[Supplied information]
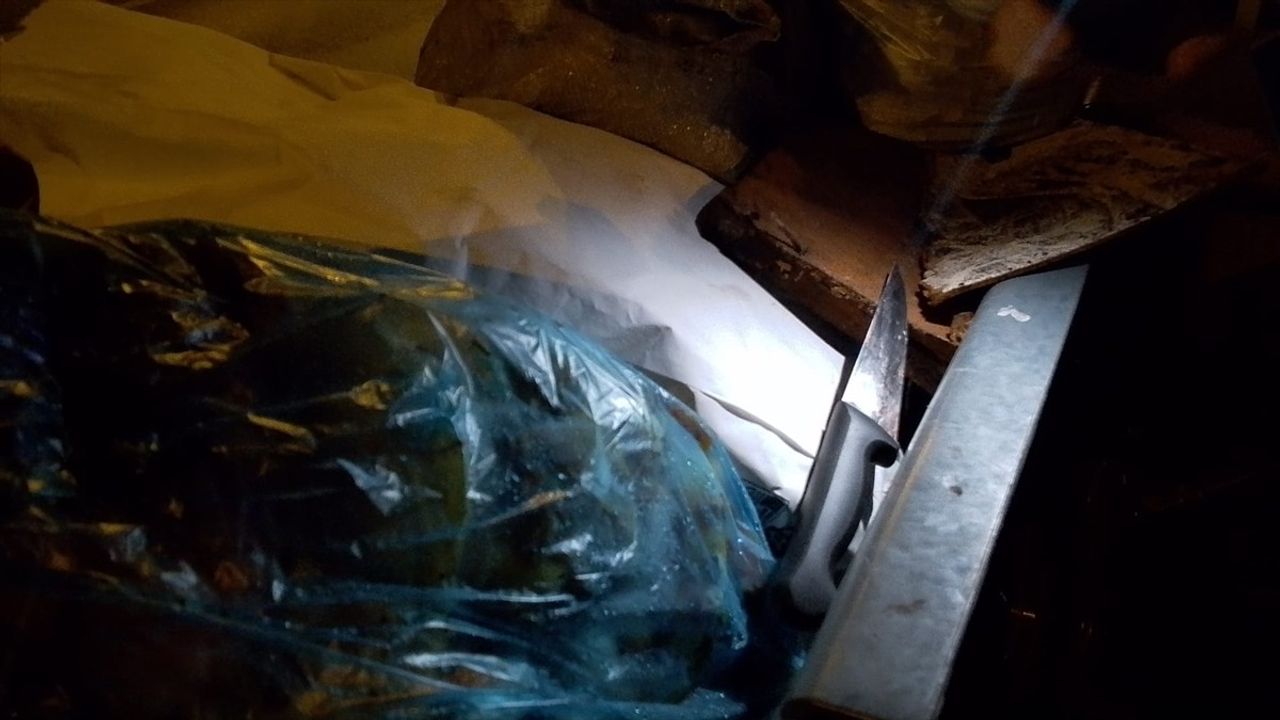 Zonguldak'ta Aile İçi Bıçaklama Olayı: Şüpheli Gözaltında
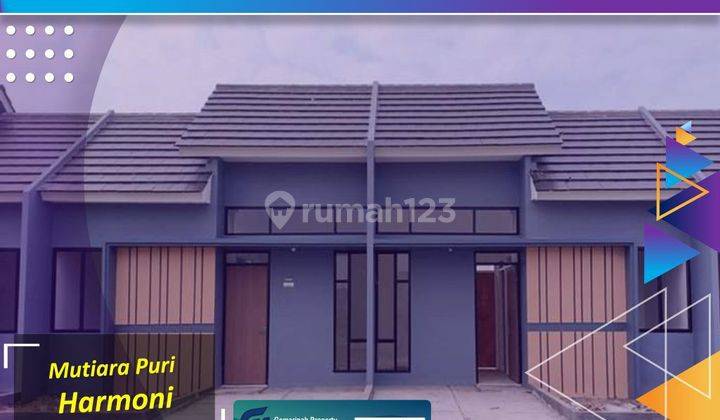 Dijual rumah subsidi dekat kolam renang fandpack 2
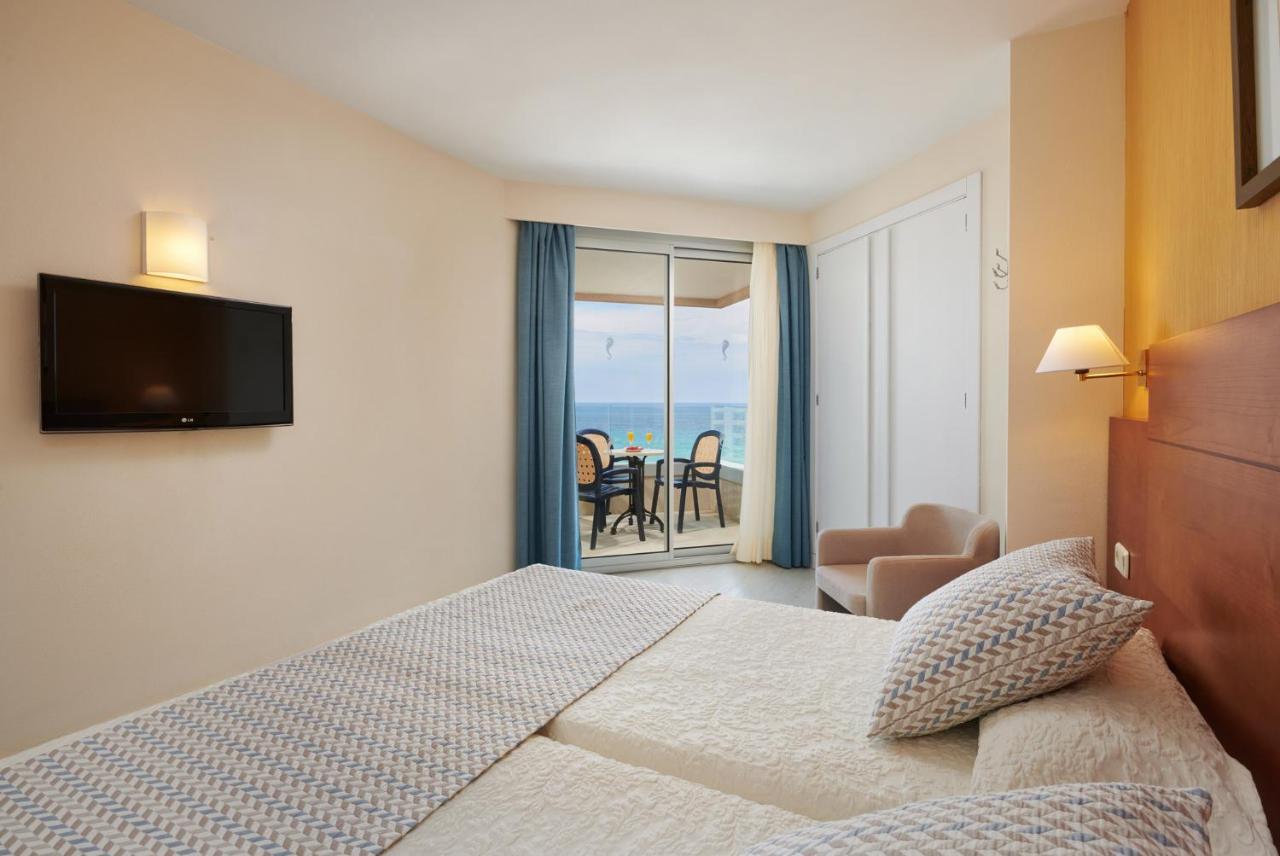 Hipotels Bahia Grande Aparthotel Cala Millor  Esterno foto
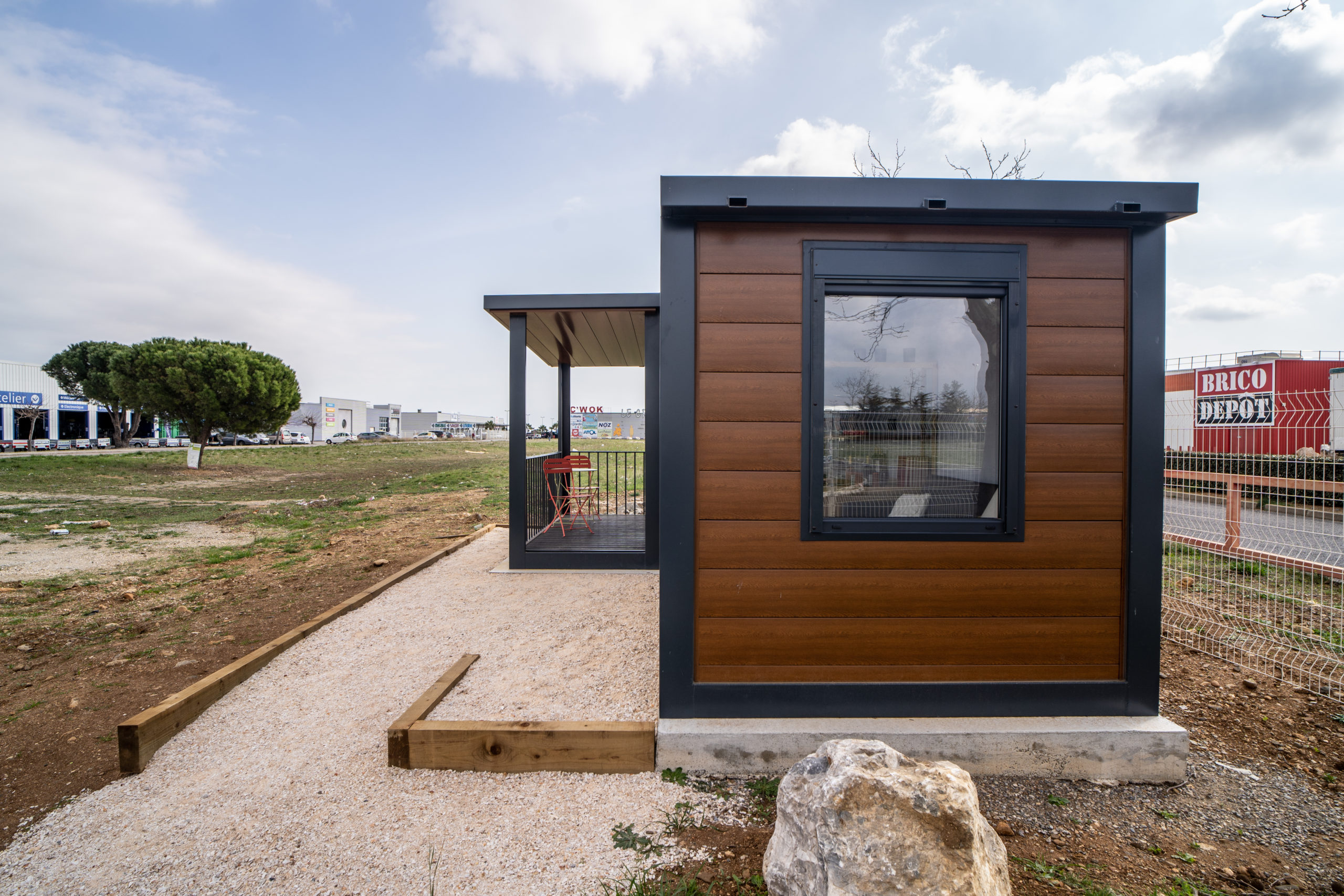 Residential Container Aphrodite 2 4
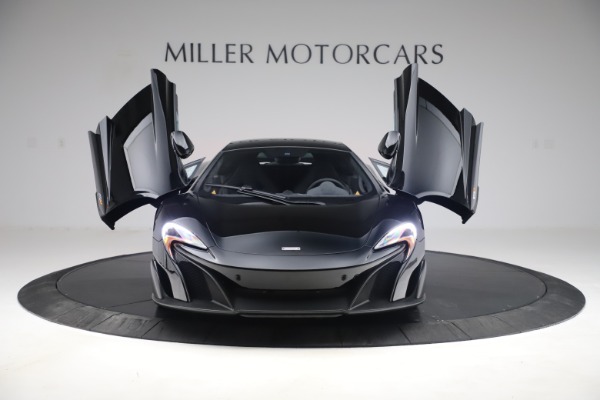 Used 2016 McLaren 675LT COUPE for sale Sold at Alfa Romeo of Westport in Westport CT 06880 9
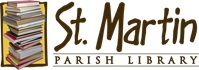 Logo of St. Martin Parish Library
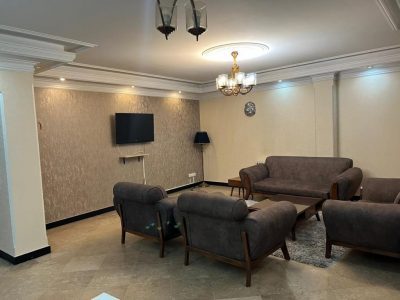 آپارتمان دوخواب مبله تمیز و شیک در سید خندان(خواجه عبدالله)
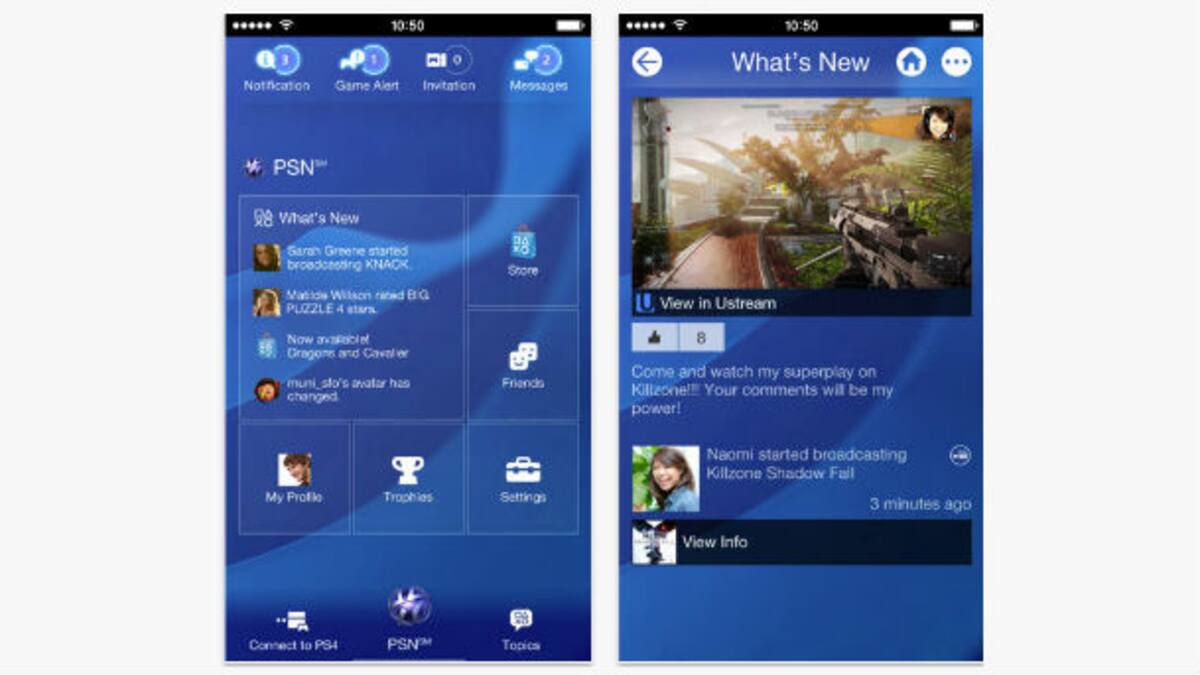 Sony afina detalles para estreno de PS4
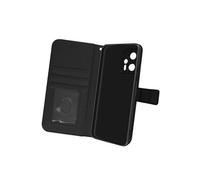Etui pour Xiaomi Poco X4 GT Clapet Portefeuille Support Vidéo Dragonne noir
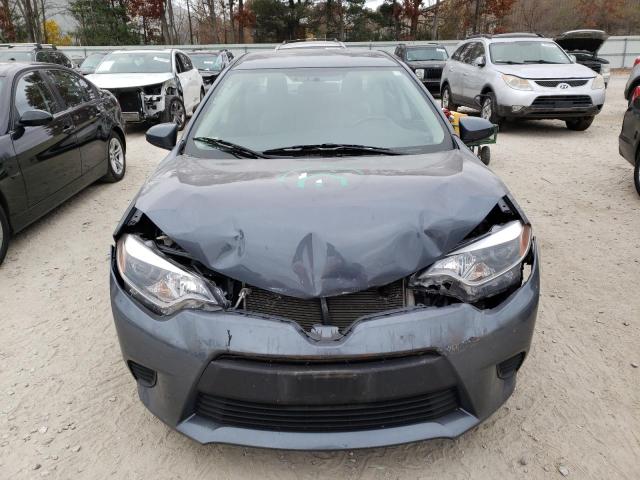 Photo 5 from auction – 2014 TOYOTA COROLLA L with VIN 2T1BURHE2EC203535
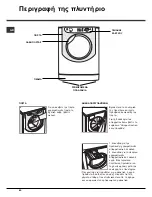 Предварительный просмотр 40 страницы Hotpoint Ariston Aqualtis AQGL 109 Instruction Booklet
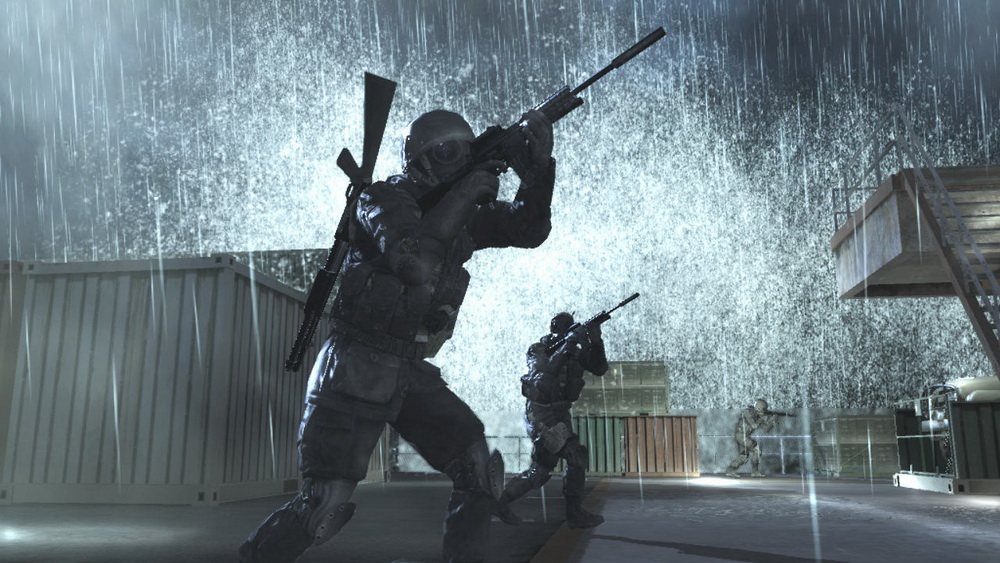 Call of Duty 4: Modern Warfare: кадр N92100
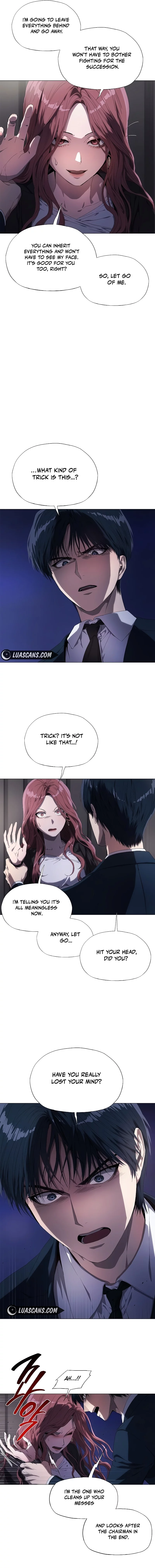 I’m Stuck in a Crazy Drama Chapter 2 - Page 5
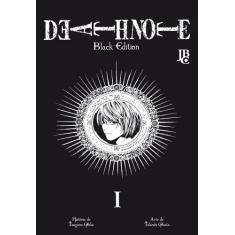 Livro - Death Note - Black Edition - Vol. 1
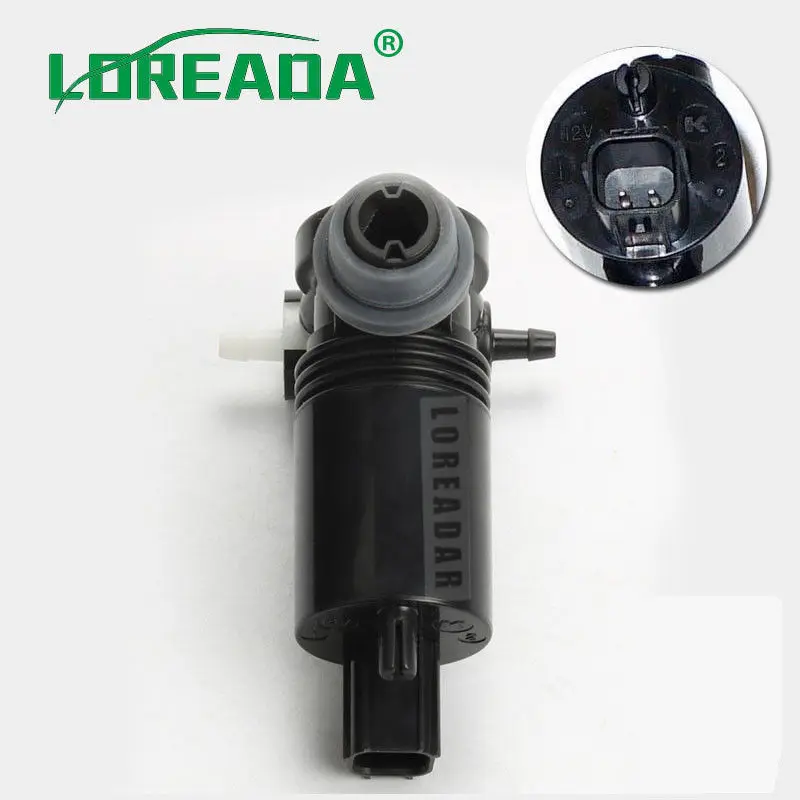 Насос омывателя лобового стекла 5093412AA для Dodge/Caravan/Durango/Jeep/Grand/Cherokee Chrysler PT Cruiser 2001
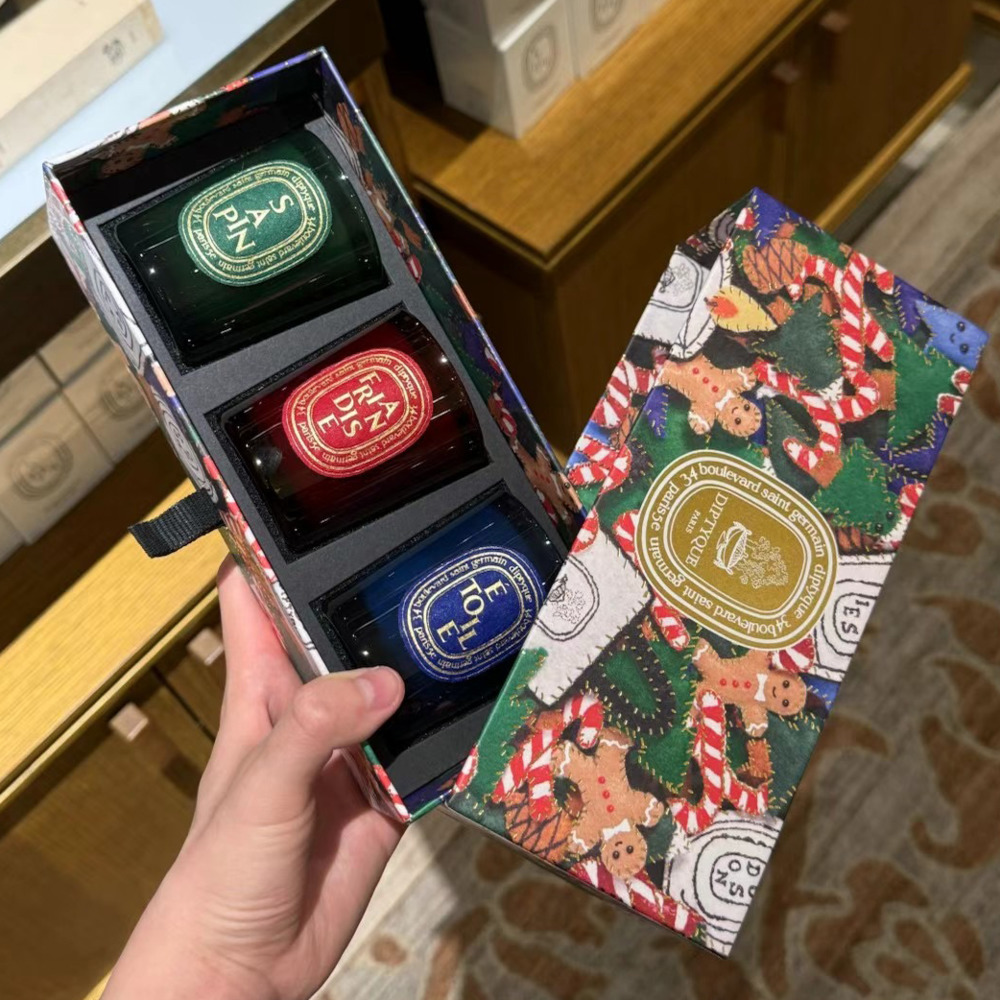 Couvercle de bougie parfumée c - Home Fragrance Diptyque avis et prix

[Task instructions] Repeat exactly the lines from the first line of the records above through the line containing "Livro - Death Note - Black Edition - Vol. 1", leaving out the pictures.

[The completed task]
 Zonguldak'ta Aile İçi Bıçaklama Olayı: Şüpheli Gözaltında
 Dijual rumah subsidi dekat kolam renang fandpack 2
 Hipotels Bahia Grande Aparthotel Cala Millor  Esterno foto
 Residential Container Aphrodite 2 4
 Used 2016 McLaren 675LT COUPE for sale Sold at Alfa Romeo of Westport in Westport CT 06880 9
 Logo of St. Martin Parish Library
 آپارتمان دوخواب مبله تمیز و شیک در سید خندان(خواجه عبدالله)
 Sony afina detalles para estreno de PS4
Etui pour Xiaomi Poco X4 GT Clapet Portefeuille Support Vidéo Dragonne noir
 Photo 5 from auction – 2014 TOYOTA COROLLA L with VIN 2T1BURHE2EC203535
 Предварительный просмотр 40 страницы Hotpoint Ariston Aqualtis AQGL 109 Instruction Booklet
 Call of Duty 4: Modern Warfare: кадр N92100
 I’m Stuck in a Crazy Drama Chapter 2 - Page 5
 Livro - Death Note - Black Edition - Vol. 1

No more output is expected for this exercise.